“How to Be a Real Loser,” New Era, October 2016, 8–9
I’ll never forget the sting I felt the first time someone called me that. It was in junior high school. It hurt.
“You’re such a loser!”
It made me feel excluded, unappreciated, and unable. And it was easy to find ways to reinforce the image. I wasn’t good at sports. Loser. I wasn’t good at talking to girls. Loser. I didn’t have a lot of friends. Loser. (In reality, these don’t make someone a loser, but it was hard to see that at the time.)
Then one day in ninth-grade seminary it dawned on me that I could be good at something: Losing!
Let me explain. That day we read in the Book of Mormon about King Lamoni’s father, who prayed: “O God, Aaron hath told me that there is a God; and if there is a God, and if thou art God, wilt thou make thyself known unto me, and I will give away all my sins to know thee” (Alma 22:18).
I could be a good loser by losing my sins! I could give away and lose bad habits, bad feelings, lying, cheating, stealing … you get the idea. Not that I was having huge problems with major sins, but here was a way to quickly turn losing into winning. Or so I thought.
I knew I could lose the big, bad, awful things. The very first day, for example, I lost murder and armed robbery right off the bat. It wasn’t hard to give up things I’d never even been tempted to do.

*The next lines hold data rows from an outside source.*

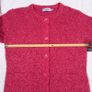 Honor Millburn Fuchsia Pink Textured Boucle Button Up Cardigan Size M Image 8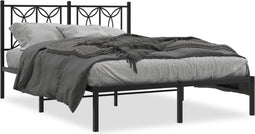 vidaXL - Bedframe - met - hoofdbord - metaal - zwart - 140x190 - cm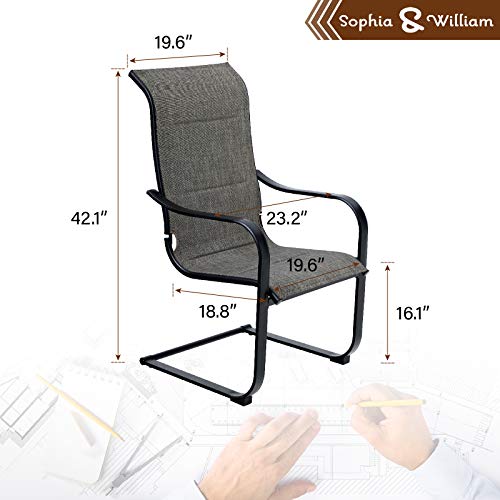 Sophia & William 118-2 Patio Dining Chairs High Back Patio Chairs C Spring Motion Chairs 2 Pieces Quick Dry Textilene Outdoor Furniture Support 350Lbs For Lawn Garden Balcony Pool Backyard Weather Resistant thumb #1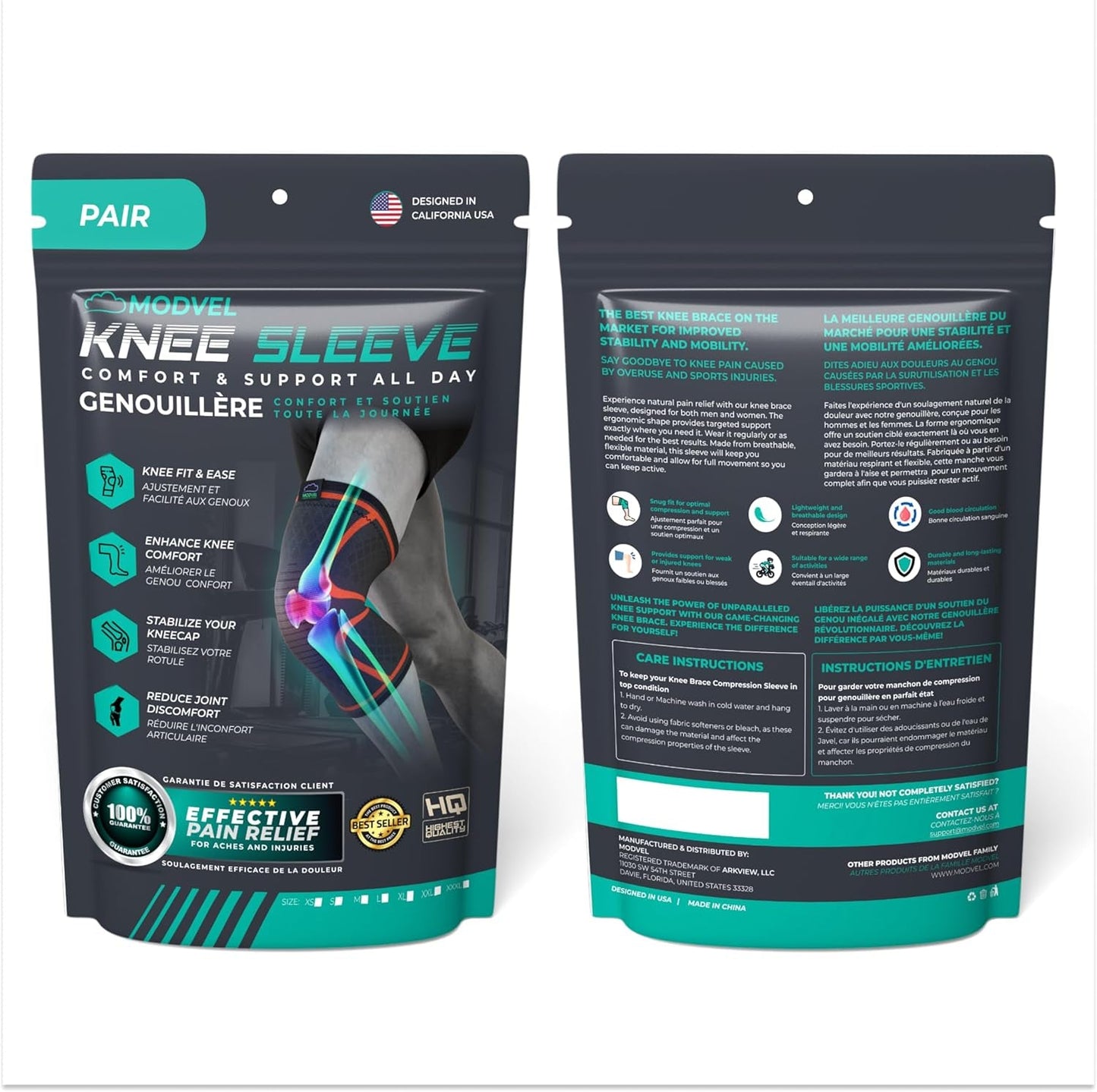 Compression Knee Brace 2-Pack – Support Sleeve for Knee Pain Relief (Unisex)
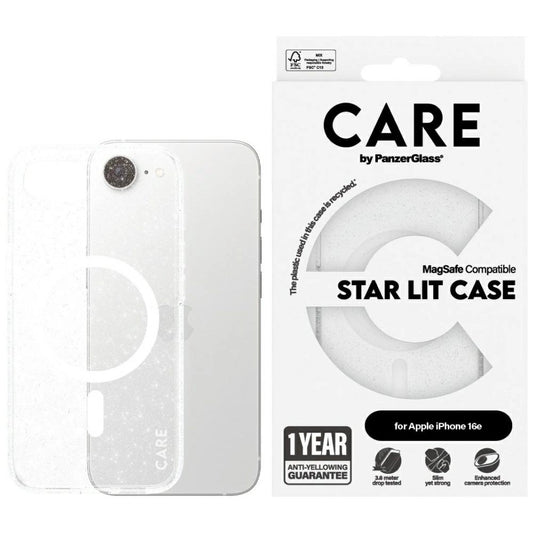 CARE by PanzerGlass Flagship Urban Combat StarLight White MagSafe iPhone 16e Case - Clear_0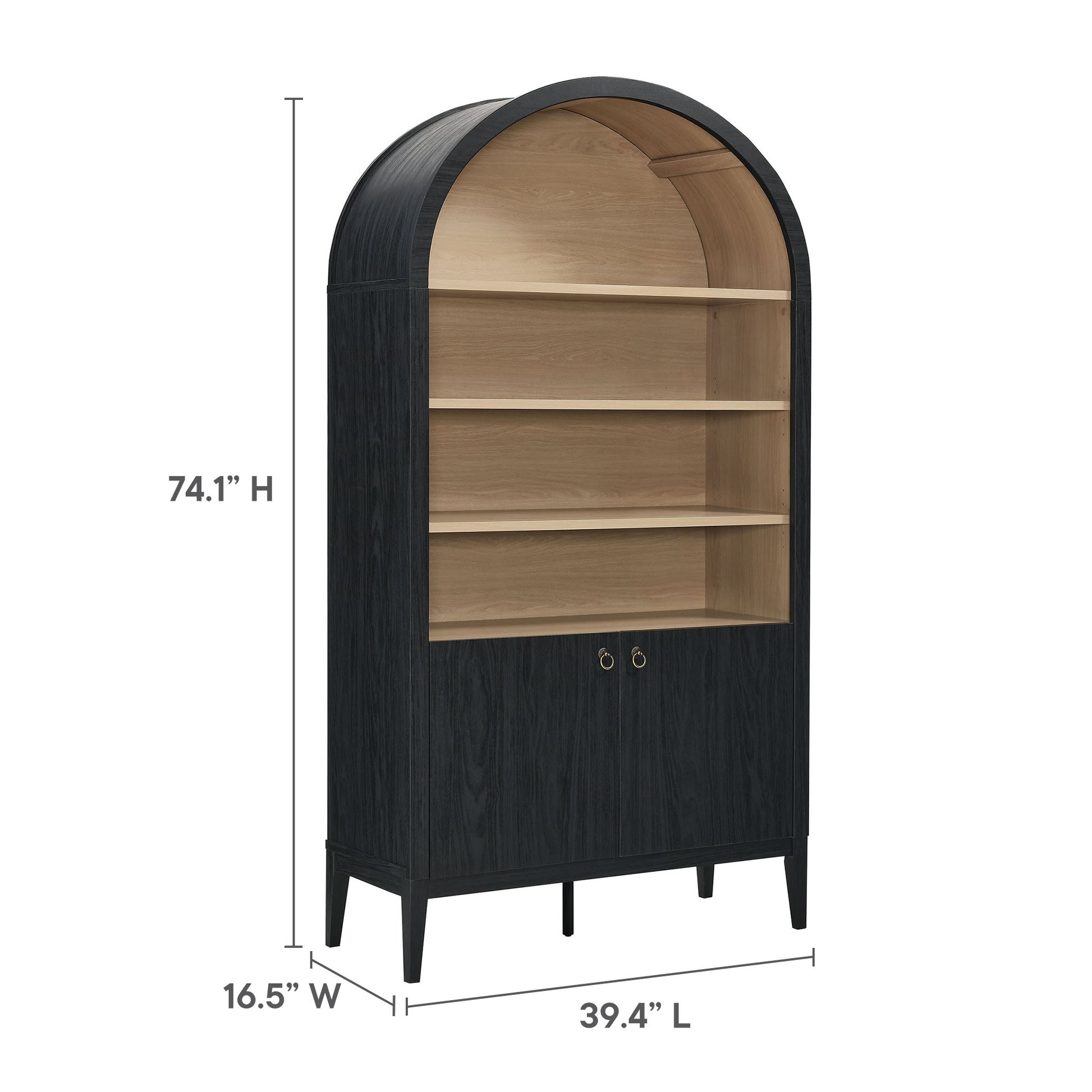 Nolan 74" Tall Arched Storage Display Cabinet Bookshelf - Ivory Oak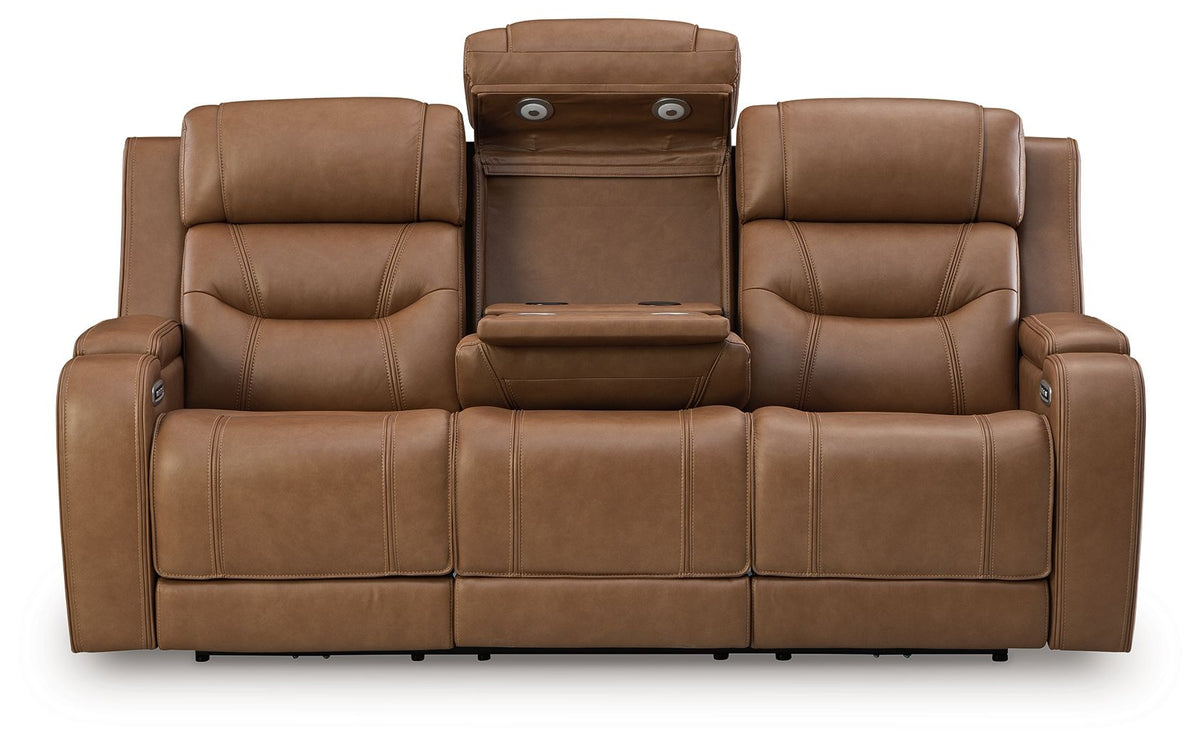 Knightington - 3 Pc. - Power Reclining Sofa, Loveseat And Recliner - Caramel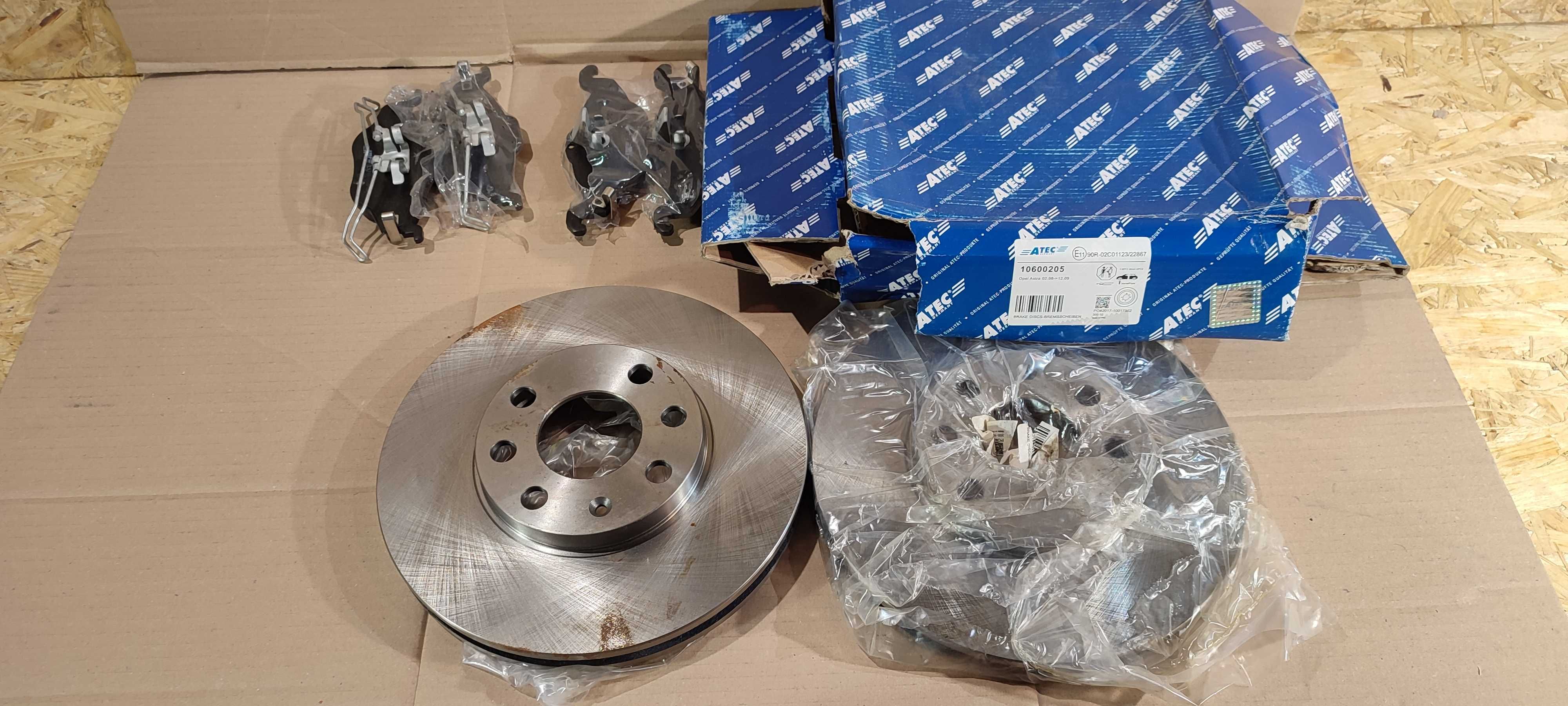 Opel astra F G H tarcze hamulcowe klocki przód przednie nowe ATE ORYG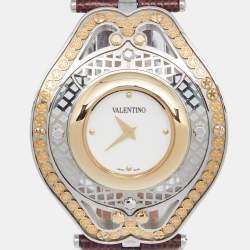 Pre Owned Valentino White Two Tone Stainless Steel Leather  Classic V58 Women's Wristwatch 42 mm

Some of the little sins were easy to lose too. Like teasing my sister. Yeah, I’d have to work at it, but I could lose it in a reasonable amount of time.
But all of my sins? I soon found that there were enough potential transgressions, sins of commission, and sins of omission that I could spend my lifetime trying to eliminate them. Maybe I wasn’t such a great loser after all!
Then we read another scripture in seminary, and something else dawned on me. “I will give unto the children of men line upon line, precept upon precept, here a little and there a little; and blessed are those who hearken unto my precepts” (2 Nephi 28:30). “Here a little and there a little.” Maybe one by one I could lose my sins … but where to start?
Later, in a priesthood quorum lesson, we read this counsel from a prophet: “The most important of all the commandments of God is that one that you are having the most difficulty keeping today. … Put that aright and then you start on the next one that is most difficult for you to keep. That’s the way to sanctify yourself” (Teachings of Presidents of the Church: Harold B. Lee , 30.)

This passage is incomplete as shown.